There are a lot of people out there who are fine with felons, particularly violent felons, being prevented from owning guns.
A guy who commits murder, for example, is someone who has demonstrated themselves as being pretty dangerous. As such, a lot of people are just fine with such a person never being able to lawfully own a firearm again.
Of course, if they’re inclined to kill again, they’ll find a way to do it regardless of what the laws about gun ownership say.
But when we start talking about non-felonies, people should start getting nervous. After all, once you start including misdemeanors, how long until that particular list started to include almost anyone who ever made a mistake that got them in hot water with the law?
That’s the road Michigan seems to be going down.

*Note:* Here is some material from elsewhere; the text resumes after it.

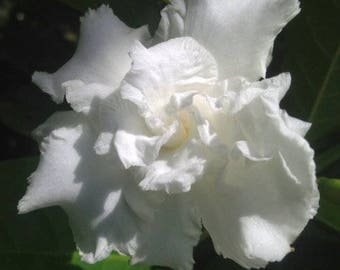 Gardenia VETCHII Live Plant Intensely Fragrant Double White Flowers Spring Summer Bloomer Starter Size Plant 4 Inch Pot Emeralds TM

Michigan Democrats who have transformed gun laws in the state in the wake of multiple mass school shootings are now making it more difficult for individuals with convictions for misdemeanor domestic violence from gaining access to guns.
Gov. Gretchen Whitmer signed legislation Monday that prohibits individuals convicted of a misdemeanor related to domestic violence from possessing firearms for at least an eight-year-period. State law currently includes firearm restrictions for those with felonies related to domestic abuse, but no law had existed for misdemeanor domestic violence.
“These bills are based on a simple idea: if you have been found guilty in court for violently assaulting your partner, you should not be able to access a deadly weapon that you could use to further threatened, harm or kill them.” Whitmer said at a bill signing in Kalamazoo. “It’s just common sense.”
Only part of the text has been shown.